Archive for the ‘Development’ Category

Ravallion on Pinkovskiy and Sala-i-Martin

Monday, March 8th, 2010

Martin Ravallion is open to the idea that African poverty has been improving to the last 15 years, but he is cautious regarding the quality of our data and methods:

Maxim Pinkovskiy and Xavier Sala-i-Martin (PSiM herafter) have confidently claimed that “The conventional wisdom that Africa is not reducing poverty is wrong” and that “African poverty is falling and is falling rapidly.” This sounds like good news. But is it right?

We must first be clear about what we mean when we say “poverty is falling”. What many people mean is falling numbers of poor. However, PSiM refer solely to the poverty rate—the percentage of people who are poor. (There is no mention of this important distinction in their paper.)…

Here we agree: aggregate poverty rates have fallen in Sub-Saharan Africa (SSA) since the mid-1990s.  Shahoua Chen and I came to exactly the same conclusion in our research, for the World Bank’s global poverty monitoring effort, although our methods differ considerably and (no surprise) I prefer our methods.

However, Chen and I also point out that the decline in the aggregate poverty rate has not been sufficient to reduce the number of poor, given population growth…

Two points to note here: (i) Chen and I show that the poverty decline in SSA tends to be larger for lower poverty lines (in the region $1-$2.50 a day) and (ii) PSiM’s method attributes the entire difference between GDP and household consumption to the current consumption of households, and they assume that its distribution is the same as in the surveys. These assumptions are very unlikely to hold, and they give an overly optimistic picture.

In effect, PSiM are using a lower poverty line than us…
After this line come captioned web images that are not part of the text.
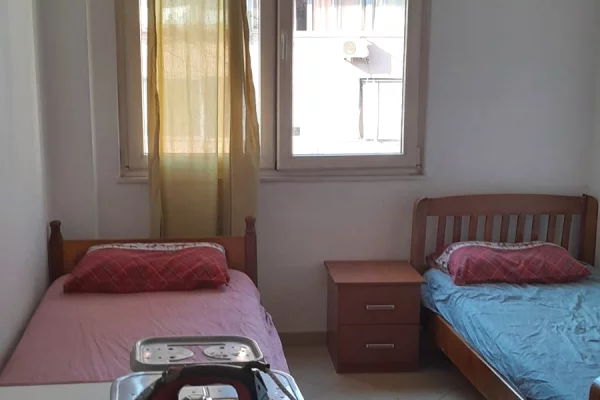 House for Rent Apartment in Tirana, 1+1, Furniture Furnished, Payment 42,000  Leke.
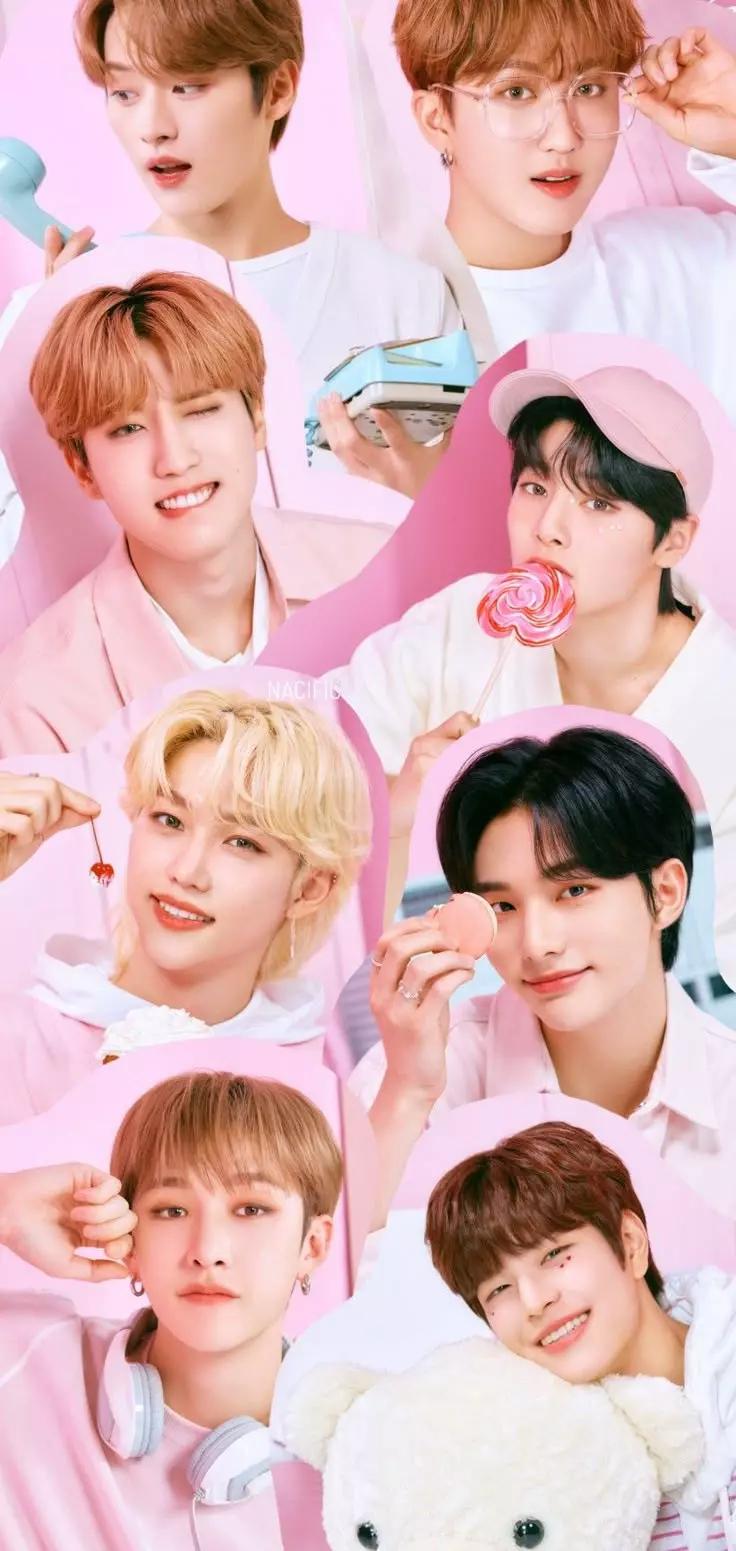 Stray Kids thumbnail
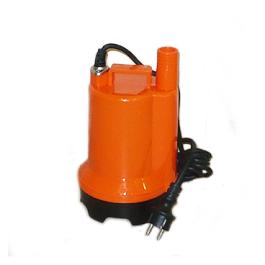 ELECTRIC SUBMERSIBLE WATER PUMP 250W 220V 150L/min 9m SY250 ΗΛΕΚΤΡΙΚΗ ΥΠΟΒΡΥΧΙΑ ΑΝΤΛΙΑ ΝΕΡΟΥ 250W 220V 150L/min 9m SY250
PSiM do not tell readers just how few survey data points they have actually used after 1995. Indeed, readers of their paper may be surprised to hear that there is any uncertainty about the trend decline since the mid-1990s; their main graph has 30 annual data points since 1995. But these are not real data points in any obvious sense; rather they are synthetic (model-based) extrapolations based on national accounts and growth forecasts.

We have national household surveys for all but 10 of the 48 countries in SSA since 1995. However, for only 18 countries do we have more than one survey since 1995; for 30 countries, there are is at most one survey since 1995.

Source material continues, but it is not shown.